**Exercise directions:** Would you return exactly the lines from the top of the data below through the one containing "Estela Grande con", leaving out the pictures?

────────────────

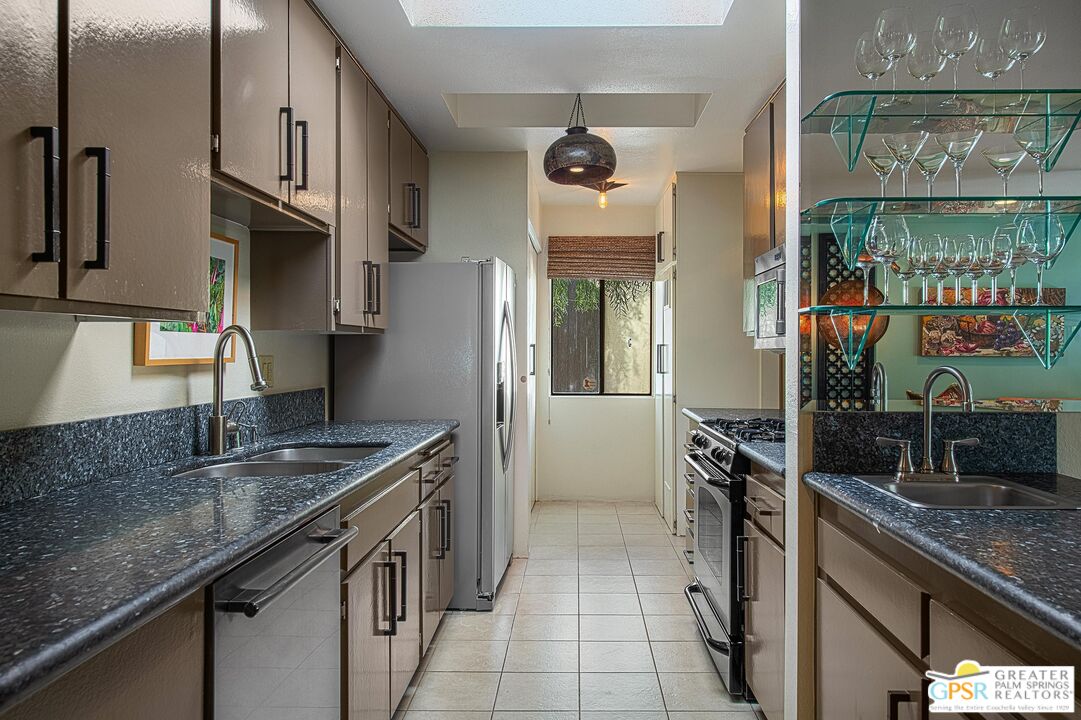 1177 East Alejo Road Palm Springs, CA 92262 - Photo 13 of 33 a kitchen with stainless steel appliances granite countertop a sink stove and refrigerator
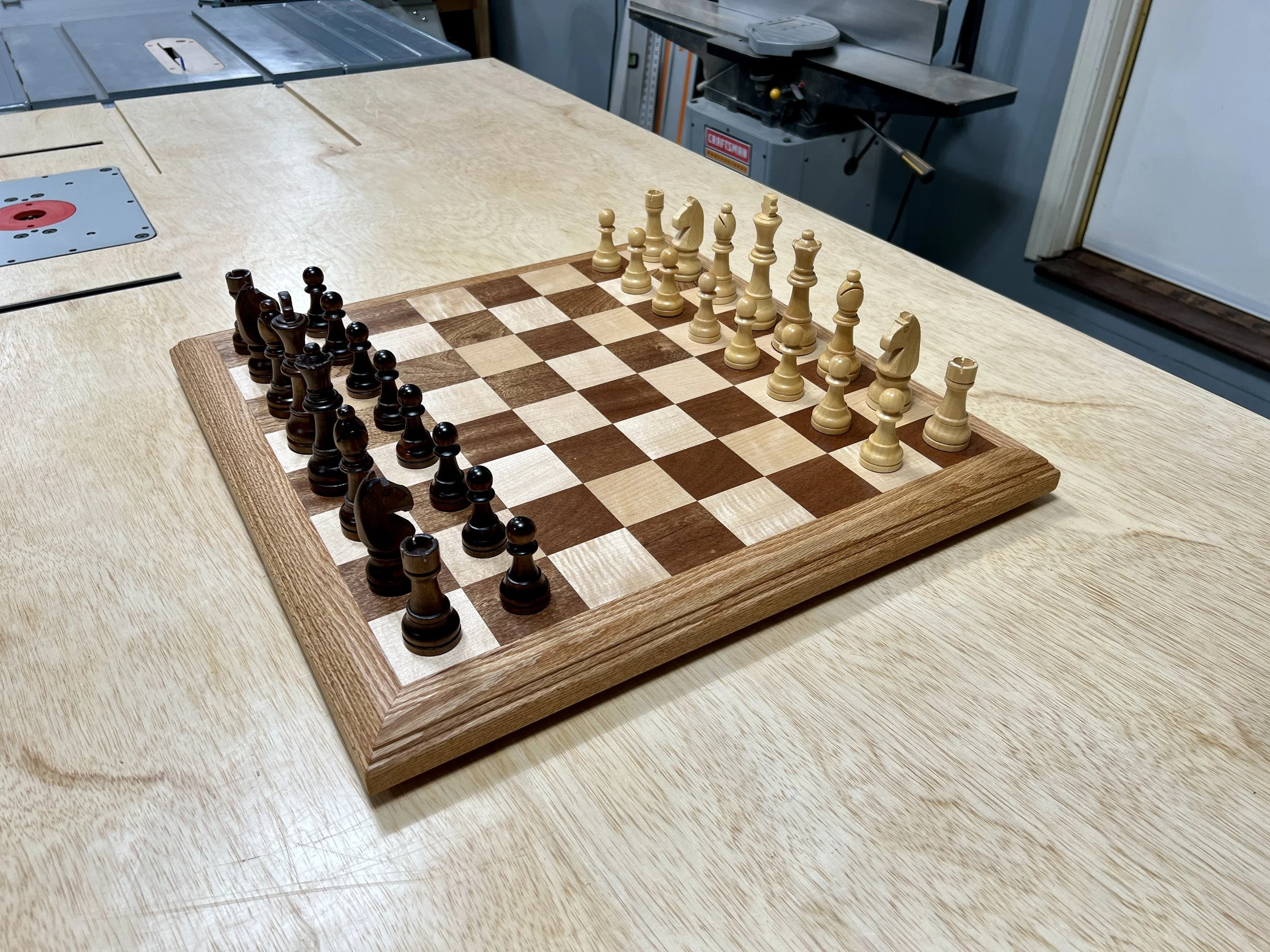 A chessboard with black and white pieces set up in starting positions, on a wooden table in a workshop.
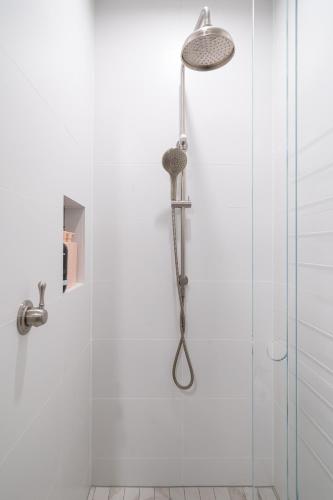 a shower with a shower head in a bathroom at New Penthouse with Ocean & Golf Course Views in Collaroy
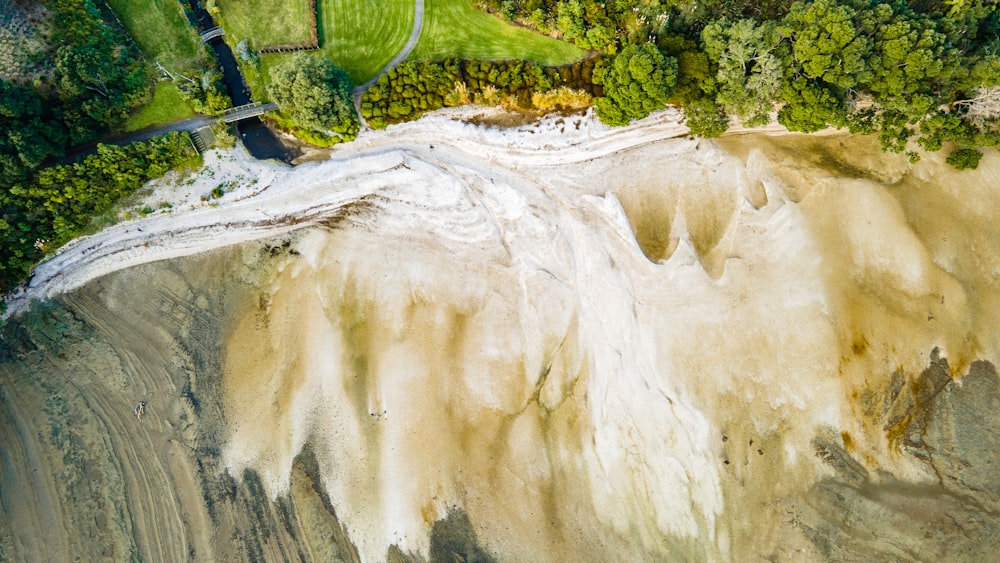 an aerial view of a river running through a lush green forest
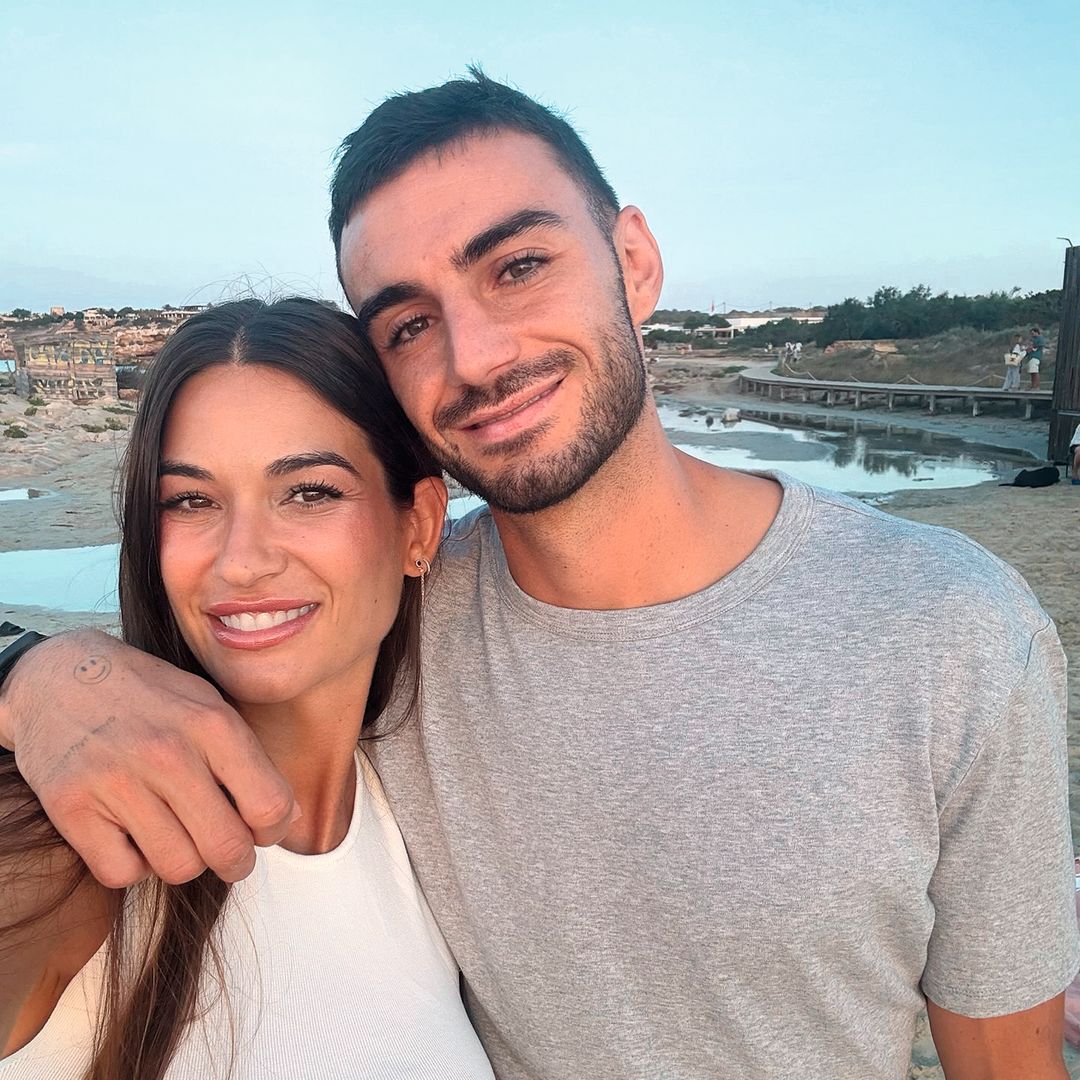 Estela Grande con vestido blanco.y Juan Iglesias con barba y camiseta gris en la playa, sonrientes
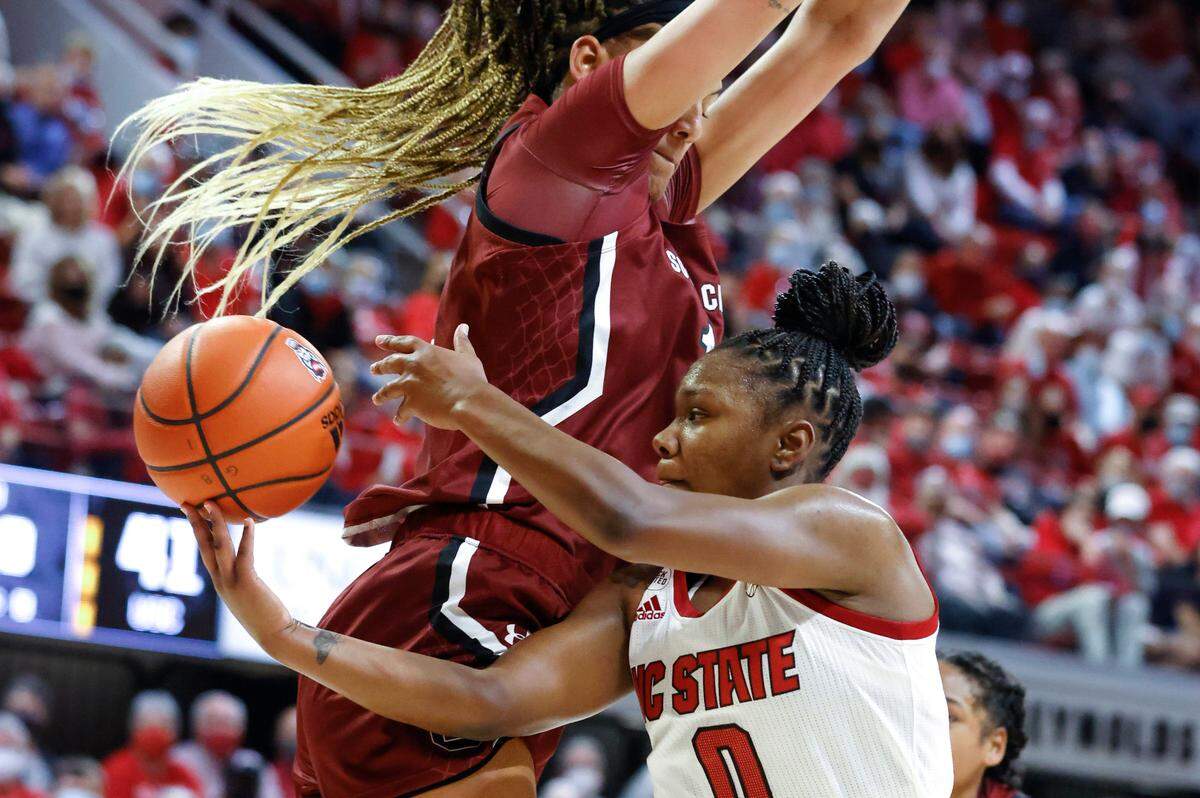 N.C. State’s Diamond Johnson (0) passes around South Carolina’s Kamilla Cardoso (10) during the second half of South Carolinaís 66-57 victory over N.C. State at Reynolds Coliseum in Raleigh, N.C., Tuesday, November 9, 2021.
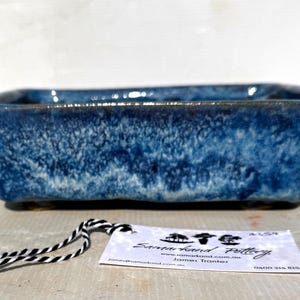 May include: A rectangular ceramic bonsai pot with a deep blue glaze featuring mottled white and light blue textures. A white rectangular tag is attached by a black and white string, displaying the text Samarkand Pottery, a website, and contact details.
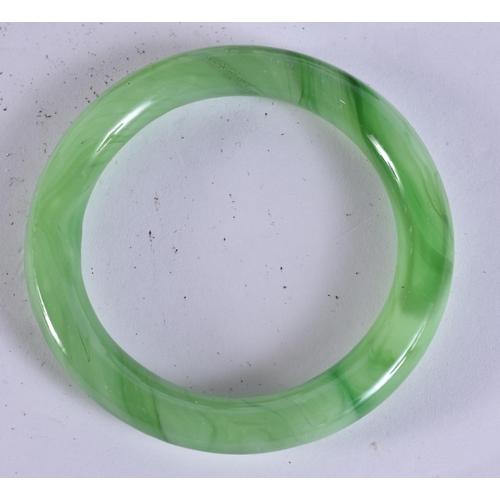 200F - TWO CHINESE YIXING POTTERY TEAPOTS AND COVERS together with a Peking glass bangle. (3)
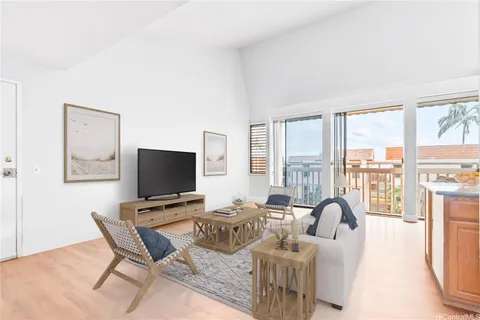 a living room with furniture a large window and a flat screen tv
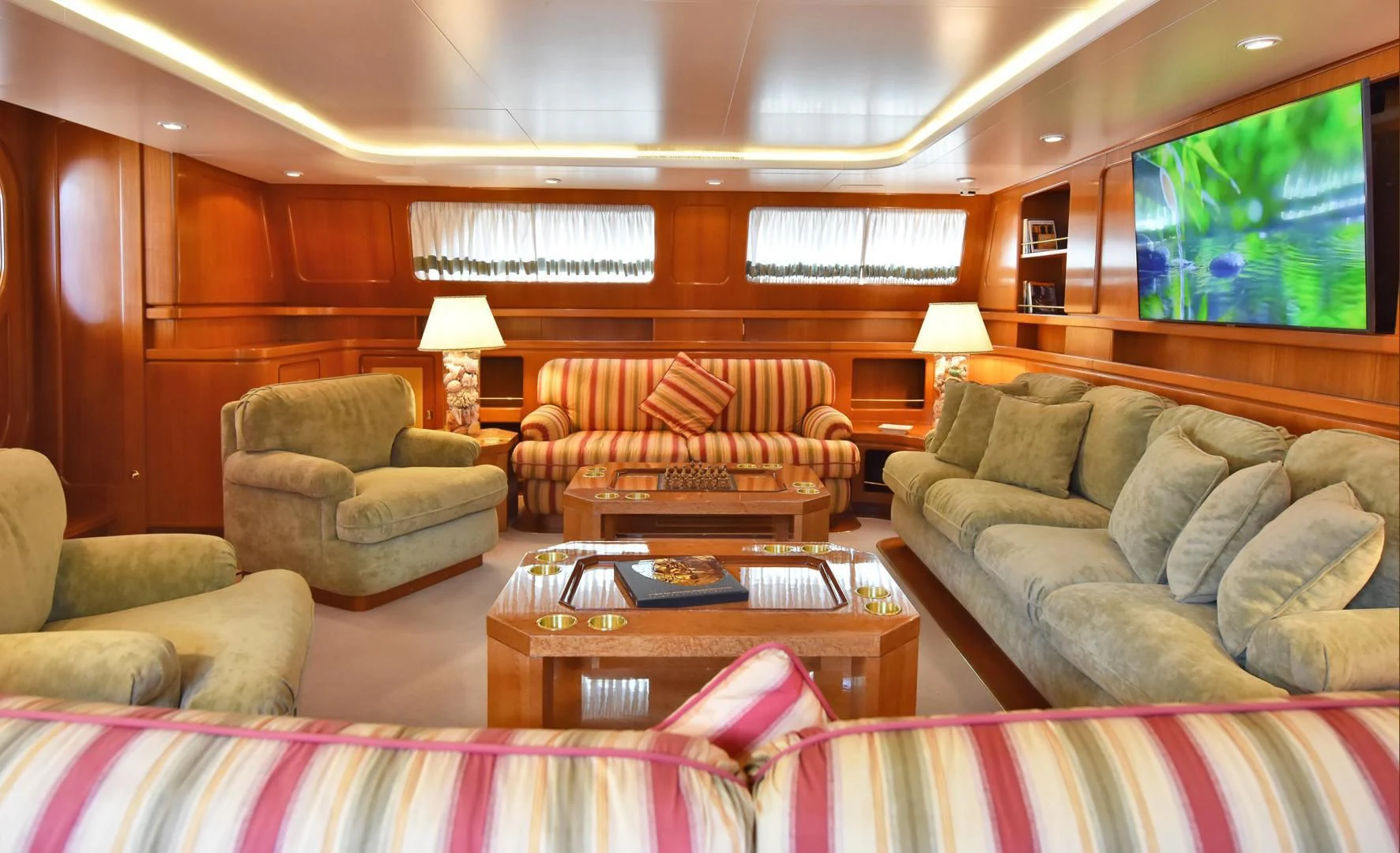 a living room with couches and a table aboard TAMARITA Yacht for Sale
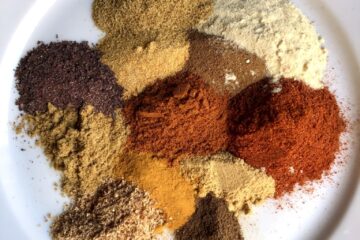 Shawarma spice blend on a plate in individual mounds not yet mixed together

────────────────

**Answer box:**
 1177 East Alejo Road Palm Springs, CA 92262 - Photo 13 of 33 a kitchen with stainless steel appliances granite countertop a sink stove and refrigerator
 A chessboard with black and white pieces set up in starting positions, on a wooden table in a workshop.
 a shower with a shower head in a bathroom at New Penthouse with Ocean & Golf Course Views in Collaroy
 an aerial view of a river running through a lush green forest
 Estela Grande con vestido blanco.y Juan Iglesias con barba y camiseta gris en la playa, sonrientes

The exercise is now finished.